More Than 2,000 Massachusetts Consumers May Be Eligible for Restitution
In response to claims that it had violated Massachusetts consumer protection laws, the automobile financing company, GM Financial has entered into an assurance of discontinuance with the Attorney General agreeing to pay more than $1.8 million to resolve allegations concerning refund practices for its Guaranteed Asset Protection (GAP) enrollment fees and its notices on some auto repossessions.

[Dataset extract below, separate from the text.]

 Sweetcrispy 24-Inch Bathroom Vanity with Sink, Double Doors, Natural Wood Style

Headquartered in Fort Worth, Texas, GM Financial is the trade name for Americredit Financial Services, Inc., an automobile financing company that General Motors bought in 2010. GM Financial, in addition to financing automobile purchases for automobile dealers, also offers GAP coverages for vehicles sold or leased through automobile dealers.
Per GM Financial’s website, its AmeriPlus GAP program provides protection for a dealership’s customers stating that “If a total loss occurs, AmeriPlus GAP will pay the difference between the actual cash value of the vehicle and the current outstanding balance on the customer’s loan or lease.”

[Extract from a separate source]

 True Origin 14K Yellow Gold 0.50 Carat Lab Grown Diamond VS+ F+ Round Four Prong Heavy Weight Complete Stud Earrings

The Attorney General’s claims against GM Financial resolved in the assurance of discontinuance
As outlined in the assurance of discontinuance, filed in Suffolk Superior Court, the case against GM Financial focused on allegations that it had failed to pay legally-required interest to consumers after delays in providing refunds of Guaranteed Asset Protection (GAP) enrollment fees. The Attorney General’s Office also alleged that GM Financial allegedly failed to provide sufficient information to certain consumers after repossessing their vehicles.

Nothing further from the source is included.